僕達は江桐にメールを送ってから十分程が経とうとしていた。彼女がくる音沙汰も無く無為に時間が過ぎていった。折角のカラオケだというのにみんなの表情は時間が経つにつれて、暗くなっていた。
 
「おり、電話出てくれた?」
 「 いや、全く出てくれない。一体どこで油売ってんのかな」
 「さあね、でもゆーちゃんがこんな事しなかったらこうはならなかったと思うよ」
 「私が悪いの? これ考えたのは私だけど、おりも結果的には賛成したじゃんか」

 最悪だ。もう、こんな状況でちゃんと話すことも出来ないし、どっちもどっちで二人の悪い所の言い合いだ。こんなので江桐が来てくれるとは思えないんだけどな。

 電話に気づいてないならマナーモードにしててメールだってわかんないだろうし。僕はそう思い立ち上がってドアノブに手をかけた。

 「山田くん。どうしたの? トイレ?」
 「ち、違う。探しに行く」

 僕はそう言って、カラオケの部屋を出ていって江桐を探しに行った。一応僕は椎葉のメールアドレスはあるから、見つかったら連絡をすることにしよう。

 僕は自分の分のカラオケ代だけを払ってこの店から出た。僕の居た階は江桐と一緒にいた2Fでは無く4Fにいた。とすると、多分2Fをあいつは探しているのかな。 

 僕はそう思いエレベーターを使って2Fまで降りていった。僕が出た場所は彼女と一緒に行った店のすぐ近くだった。一応いないとは思うけど、この店に入ってみるか。

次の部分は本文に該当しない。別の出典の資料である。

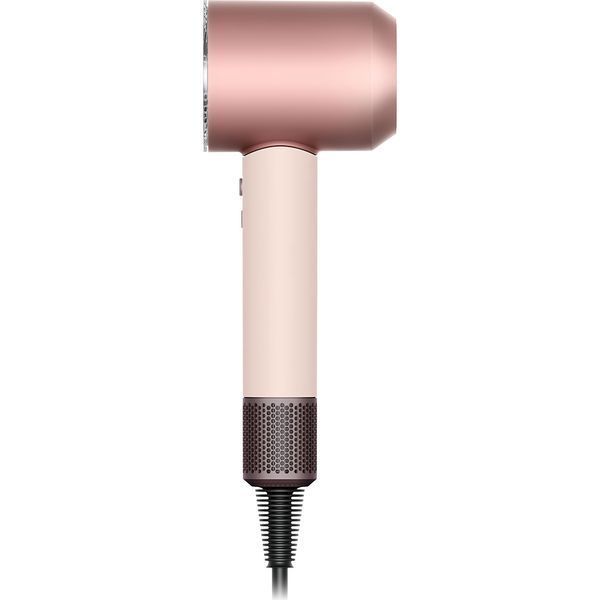 Фен Dyson Supersonic HD16 Nural Ceramic Pink/Rose Gold (598975-01)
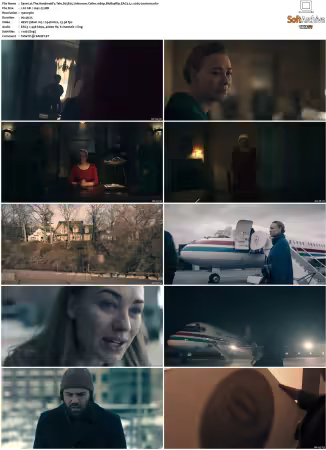 The Handmaid's Tale S03 1080p BluRay EAC3 5 1 x265-Lootera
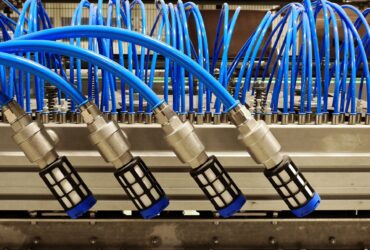 Jak działają zawory pneumatyczne?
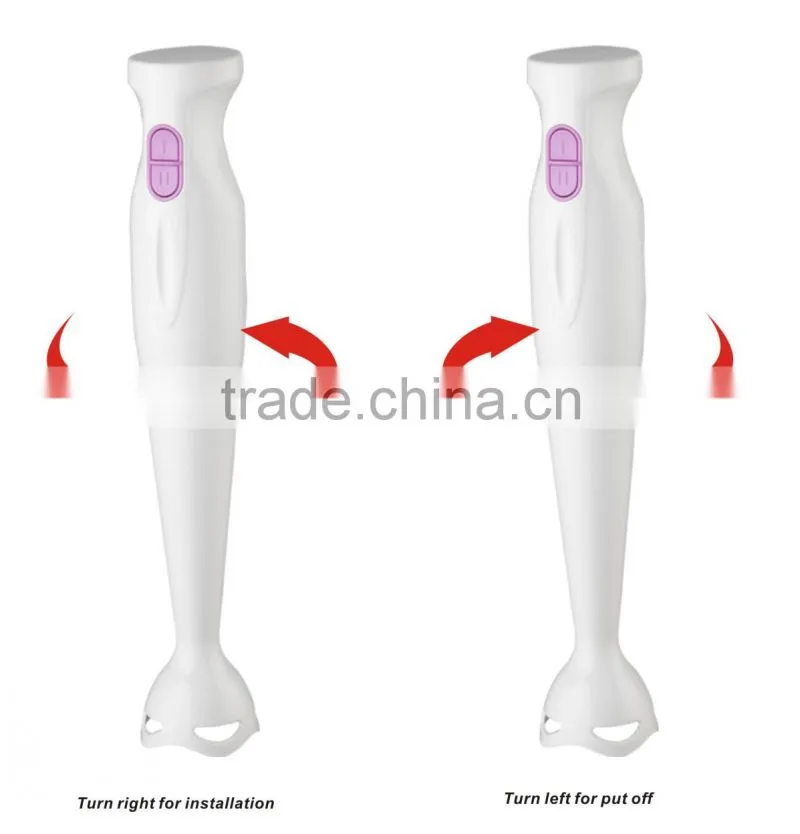 3 IN 1 Hand Stick Blender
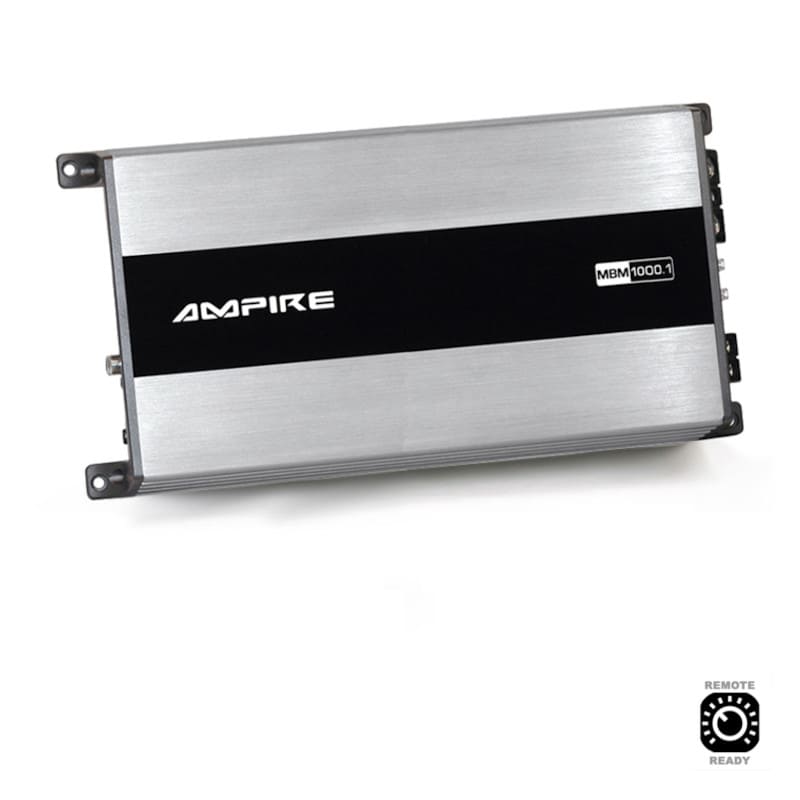 Ampire MBM 1000.1-2G
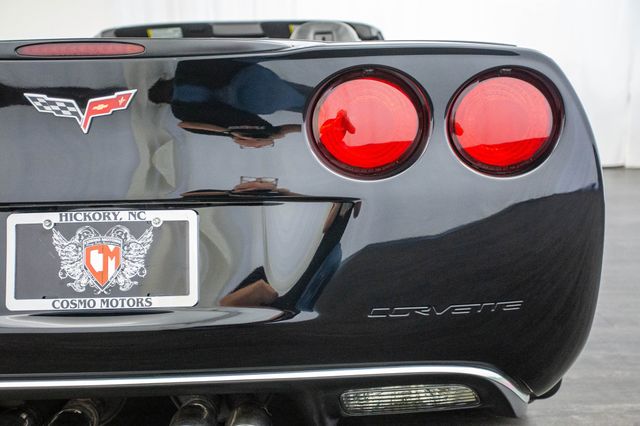 2008 Chevrolet Corvette 2dr Convertible - 22974832 - 32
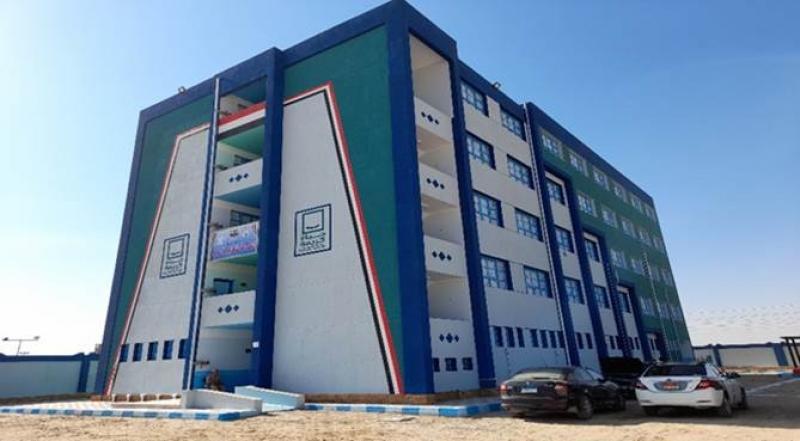 حصاد 10 سنوات في التعليم بأسيوط... بناء 520 مدرسة بتكلفة 2.5 مليار جنيه| صور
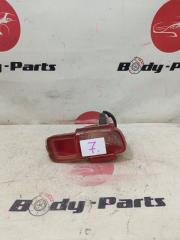  honda STREAM rn1 P1485 1 ракурс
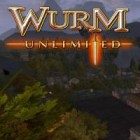 Wurm Unlimited гра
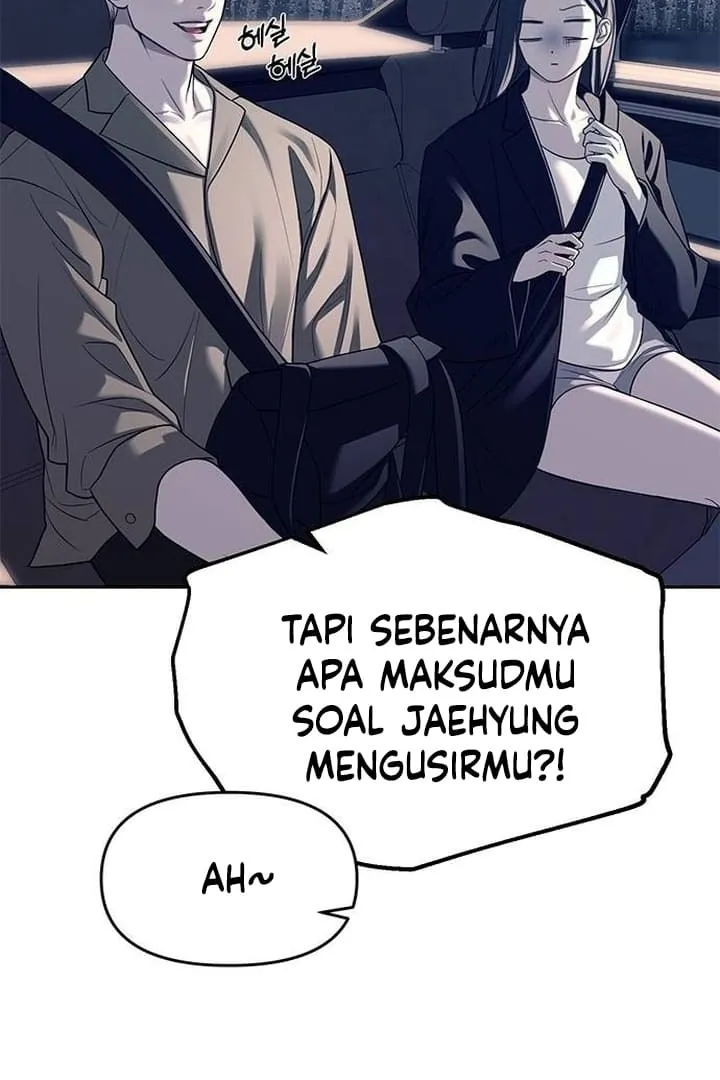 Undercover! Chaebol High School Chapter 71 Gambar 12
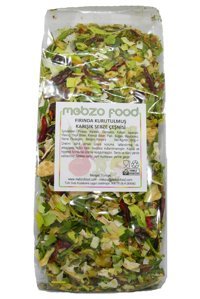 Mebzo Food Sebze Çeşnisi 250 gr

 やっぱりレディースばっかりだな。僕は女性客の変な視線を感じながら僕は店内を探したのだが彼女は居なかった。ここにいないならどこにいるんだ。

 僕はここのデパートを全然知らない。正直、この大きさのデパートで彼女1人を探すのは難しいってものじゃない。こんなのは川に落ちたコンタクトレンズを探すようなものだ。
 僕はダメもとながら一階から全ての店を見て回った。


 私は彼を探し始めてもう数十分たった頃だろうか。一応2階の店は周り終わったのだけど、流石に一フロアが広すぎて私は体力の限界で一階のフードコートで休んでいた。

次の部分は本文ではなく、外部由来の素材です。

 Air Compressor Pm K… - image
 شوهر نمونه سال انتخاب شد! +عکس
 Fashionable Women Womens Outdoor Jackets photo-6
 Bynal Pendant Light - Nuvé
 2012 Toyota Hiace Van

 「痛っ。最悪右足靴ズレしてるし。どうしよ、今日カバンの中に絆創膏余ってないし。どうしよ。このままじゃ探すも何もまともに歩けないし」 

 私はまた、長々と独り言を呟いていた。私はふとカバンの中の携帯が着信をしている事に気がついた。


 なんか不在着信が来てるし。椎葉から二十分前に連絡来てるし。それともうちょっと前に菊池から、

『唯華以外みんな4Fのカラオケの206室にいるから早く来てね』

なっ。私は言葉が出なかった。最悪だ。いつもはしてないはずのマナーモードがついていて、私はそれにも気づいていなかったことにやっと気がついた。

 「どうしようか。今からいこうにも思ってたより靴ズレ酷いし」

 私は靴を脱いで傷を確認すると足が真っ赤に腫れ上がって、血も出ていた。薬局もあるけどここからじゃ10分はかかるし。一応メールして椎葉たちに来てもらわないと。
 

僕は一階で彼女を探していた。彼女の姿は一階の本屋、ベーカリーなどにはいなかった。後は総合食料品売り場とフードコートだけどいるとすればフードコートのはず。

 僕はそう思いフードコートに足を運ぶと予想以上に広かった。大体フードコートだけで500㎡程の大きさがあった。にしても広いなあ探しきれるかな。いたとしても見逃しそうだ。

 僕はそう思いながらも端から順に探していると僕は江桐の姿を見つけ出した。

 「え、江桐」

 僕がそういうと彼女は後ろを向いて彼女は僕に対して抱きついてきた。椅子に座ったまんまで。